The movie was fun, if really bloody, and Bruce Willis, John Malchovich, Morgan Freeman, and Helen Marin were pleasers. Amber was cute; seeming so serious as she payed attention during all the action.

On the way out she said she liked how Bruce Willis looked, with some betrayal of self-surprise in this affection,a nd then she topped things off by saying I looked a bit like him. I felt good. When I got home, though, and told Mike via text what Amber had said, he sent me this: “You know Bruno is pushing sixty, eh?” I still feel good.

On the way home, Amber and I had a nice talk as we discussed our personalities in our relationship. I told he how when in love, I feel like a vessel, through which the graces of love are poured, and that this is why I found myself doing things at times-like visiting her office with flowers, even after a break-up, meaning that it is more love’s momentum thn selfishness. Fairly, she wasn’t convinced, but the conversation was charming, not confrontational. I gently countered-but first agreed that of course there is some ego in it, I supposed, but that really, the desire to be with her and give to her in life was strong as wanting her, and most of all, that loves carries me; I don’t pull it-or something like that.

Somehow, I felt comfortable enough to say something about Bart Ehrman, because the book was sticking out of my jacket pocket, and the subject was related to what we were saying, so she asked about it, and I said I didn’t want to make mistakes tonight, and she agreed we shouldn’t talk about it. But then I said, ‘no, I can do this, don’t worry’, and kept my comments brief, and we moved on.

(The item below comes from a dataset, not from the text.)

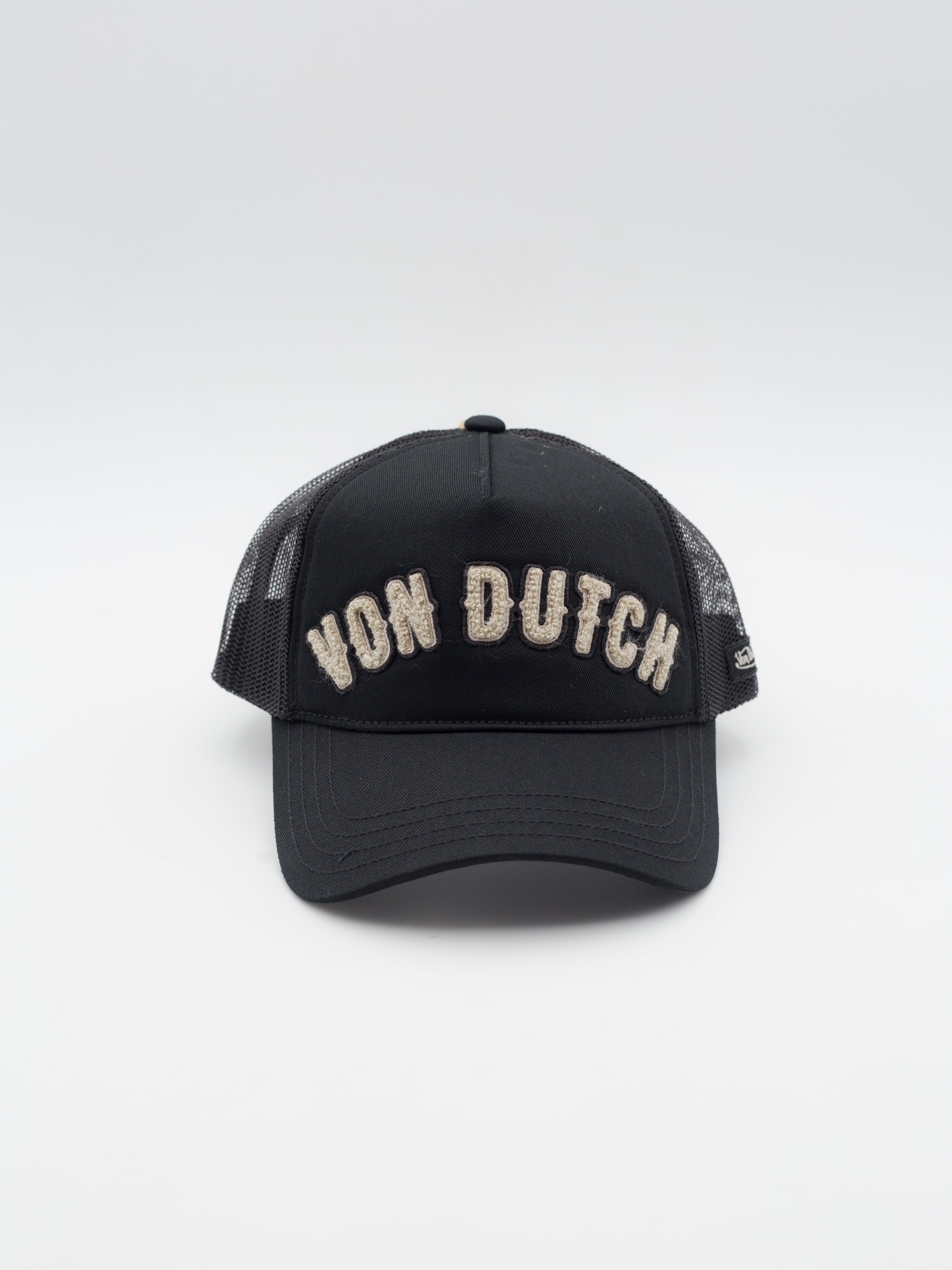 BUCKL/NR Trucker Black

When we sat the conversation turned to religion again, just  a bit, because I wanted to say that all the things that I’d ever mentioned to her were not for naught, but in a way connected to my concerns for her. She became pensive and said she didn’t want to talk about that, and though she listened to the few comments I made, things remained very adult, calm, and pleasant.

Earlier she had said that things were calm as we gently discussed what could be considered delicate things, because I was not angry or arguing, and I said, ‘well, you are being very nice to me’. It was funny.

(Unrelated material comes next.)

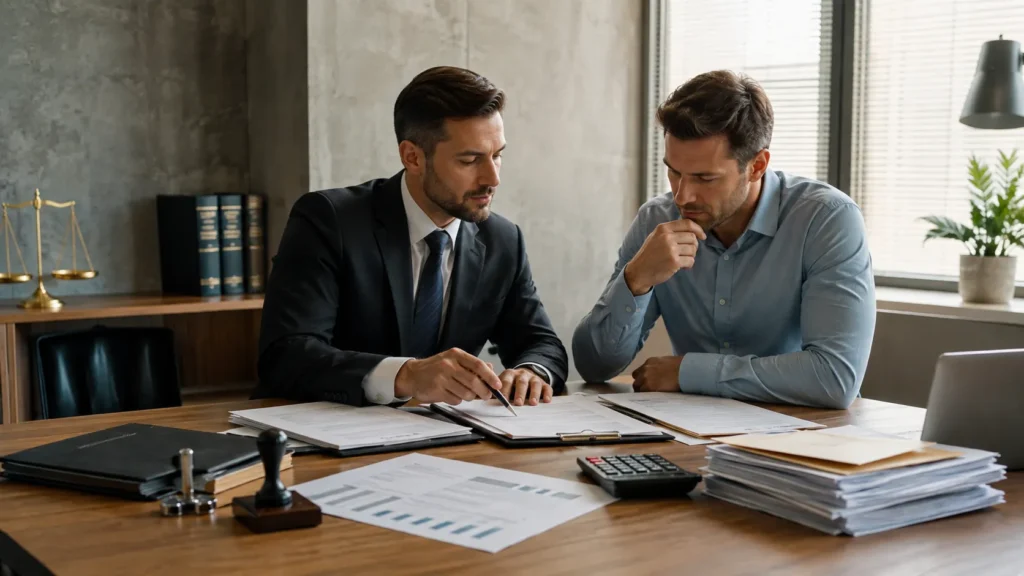 Inadimplência Empresarial Como Usar Instrumentos Legais para Cobrar em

This is tedious, so I will end it here. The point is, I think Amber is slowly seeing changes in our interactions. Carl and Amber are maturing, like a fine wine. She did comment that ‘after forty, it is very hard to change one’s character’, and though I didn’t argue what I was thinking (that to change how one acts around one’s beloved, a change in character is not what’s necessary so much as a change in attitude), but I did say, ‘no, I think it is easier when you are older because you have matured, and you see how silly it was to be the way you were when younger’, and I meant it.

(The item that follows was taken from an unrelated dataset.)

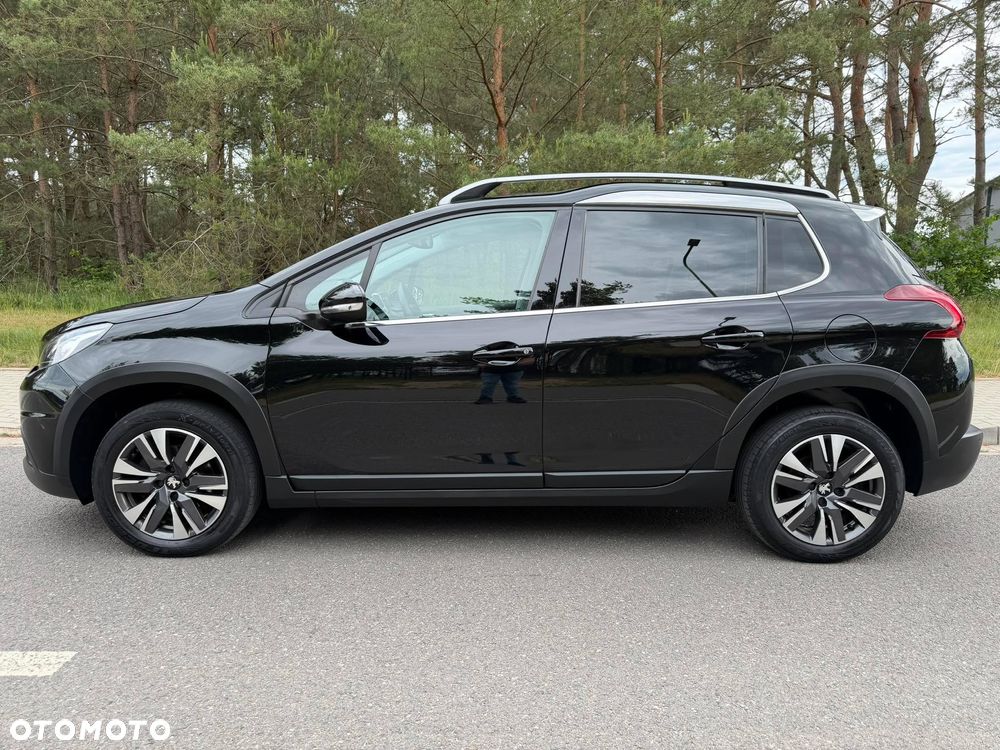Peugeot 2008 1.5 BlueHDi Crossway - 8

When I got home I sent her a voice clip saying what I have been saying a lot of these days:

It is easy to change for love; in love. That is what love is about, change and growth. In fact, I think that we only really do change when in love; for love~for someone we love, by focusing on someone other than ourselves. It’s accomplished not so much by “changing”, per se, but by appreciating what is; the way things are~seeing who your beloved is, and having a different attitude. This is what reduces disappointment

And whenI think about it, in some ways, this is called acceptance. You have to look at who you love and why you love her, and separate her from your expectational fantsies about her, and you have to see he prt from your fntasy-generated fears. Dave talked about this when he was in Korea. You have to love your beloved for whom she is. Not whom you want her to be, and her changes will come of their own accord.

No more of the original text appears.